▶ [WORK INSTRUCTION] Your answer must be the data repeated exactly, with no pictures in it.

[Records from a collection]
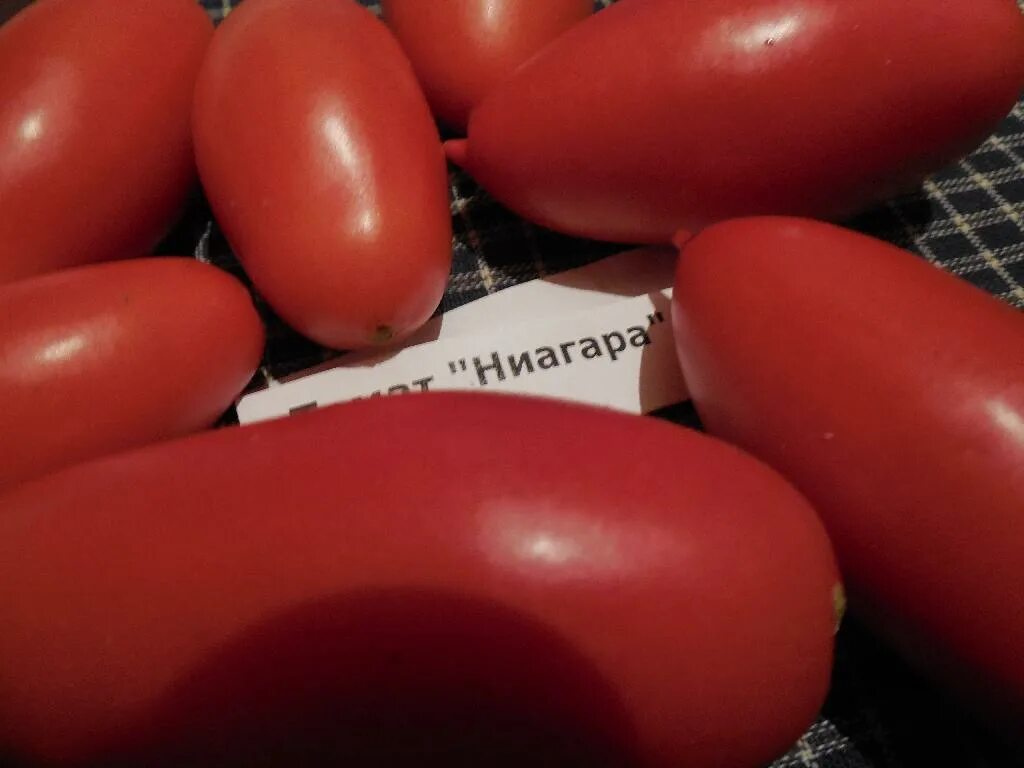Томат ниагара характеристика и описание сорта. Томат кибиц. томат ниагара. семена томата ниагара. томат кибиц семена.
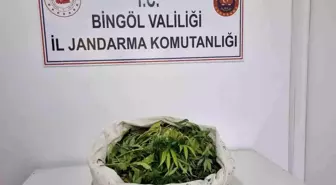 Bingöl'de Uyuşturucu Operasyonu: 11 Kilo Esrar Ele Geçirildi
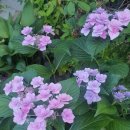 온양작은도서관 이미지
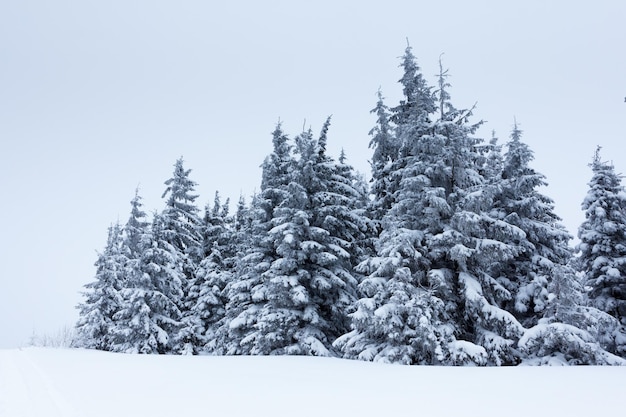 Floresta de abetos coberta pela neve na paisagem de inverno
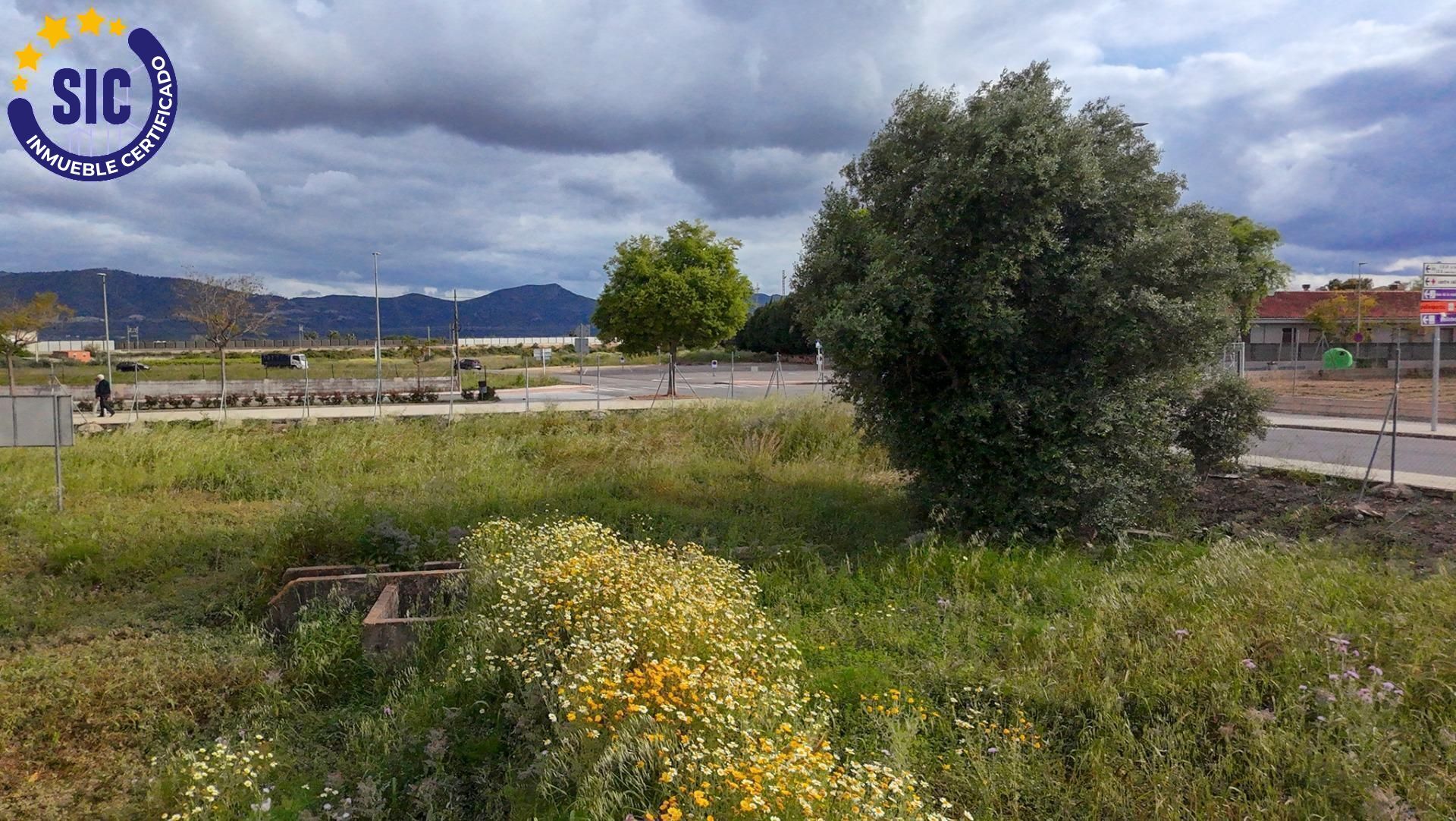 Fincas y solares-Venta-L'AlcÃºdia de Crespins-1721759-Foto-9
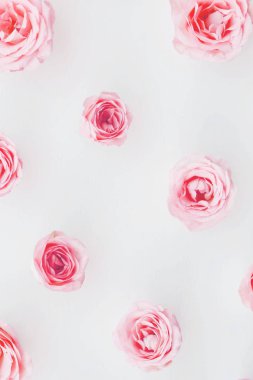 Beyaz arka planda güzel açan pembe güller, üst manzara..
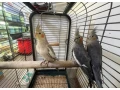 predam-korely-small-1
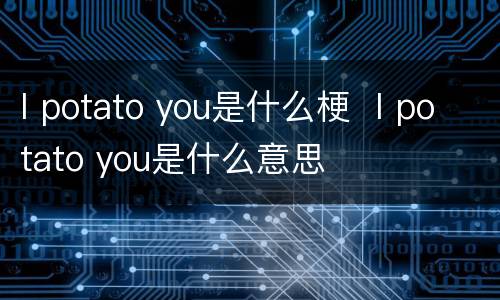 I potato you是什么梗  I potato you是什么意思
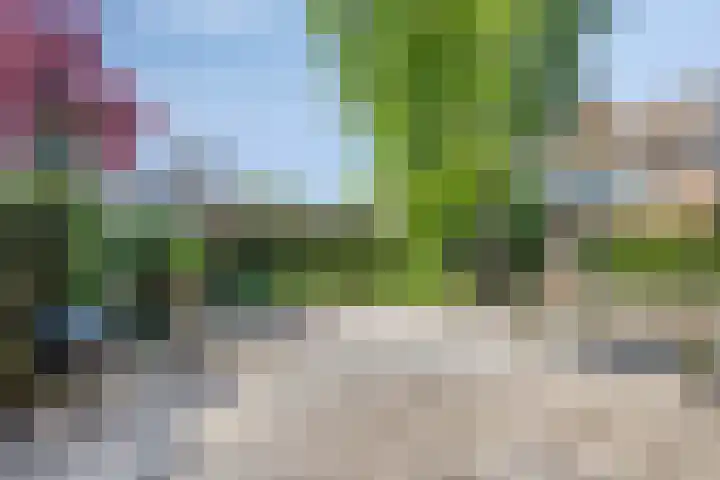 Oosteinde 30 Broek in Waterland thumbnail 5
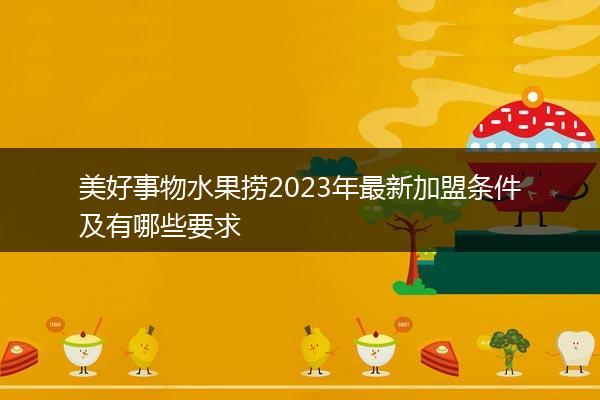 美好事物水果捞2023年最新加盟条件及有哪些要求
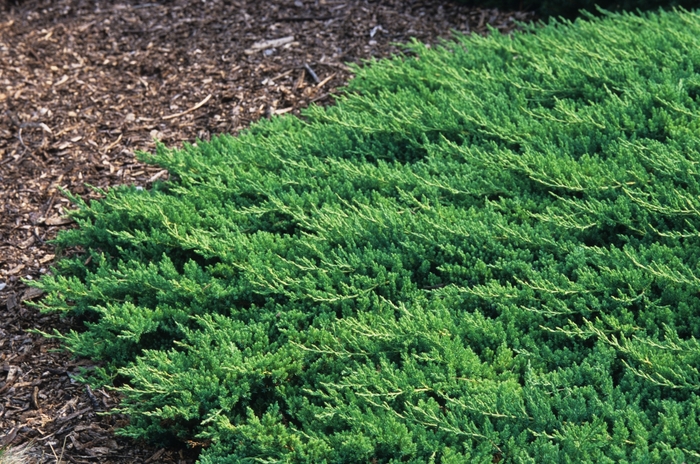 Japanese Garden Juniper - Juniperus procumbens 'Nana' from Sloat Gardens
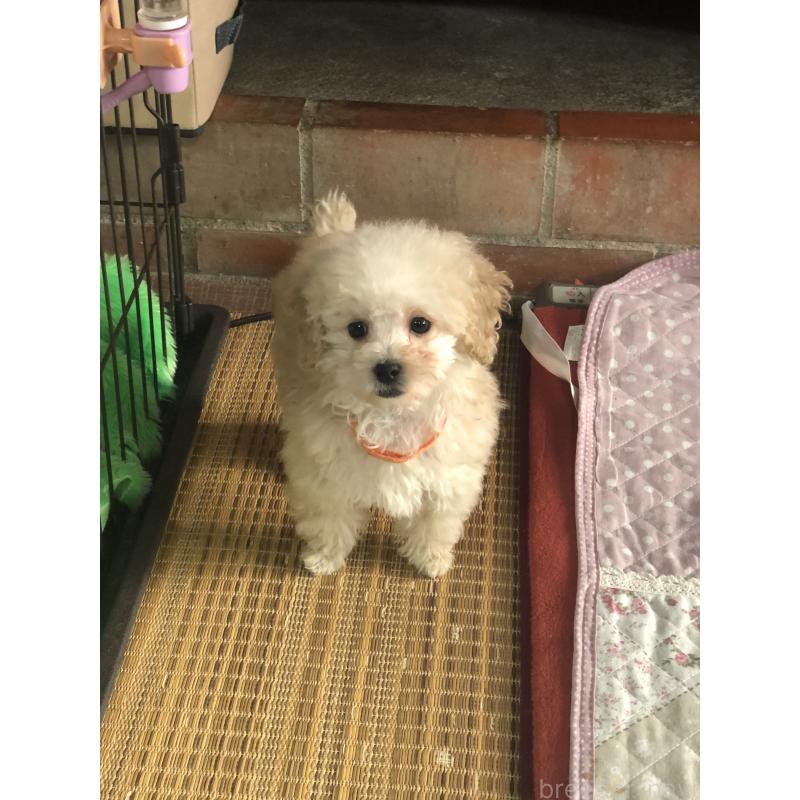 販売中の兵庫県のトイプードル-431958の3枚目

▶ [OUTPUT]
Томат ниагара характеристика и описание сорта. Томат кибиц. томат ниагара. семена томата ниагара. томат кибиц семена.
 Bingöl'de Uyuşturucu Operasyonu: 11 Kilo Esrar Ele Geçirildi
 온양작은도서관 이미지
 Floresta de abetos coberta pela neve na paisagem de inverno
 Fincas y solares-Venta-L'AlcÃºdia de Crespins-1721759-Foto-9
 Beyaz arka planda güzel açan pembe güller, üst manzara..
 predam-korely-small-1
 I potato you是什么梗  I potato you是什么意思
 Oosteinde 30 Broek in Waterland thumbnail 5
 美好事物水果捞2023年最新加盟条件及有哪些要求
 Japanese Garden Juniper - Juniperus procumbens 'Nana' from Sloat Gardens
 販売中の兵庫県のトイプードル-431958の3枚目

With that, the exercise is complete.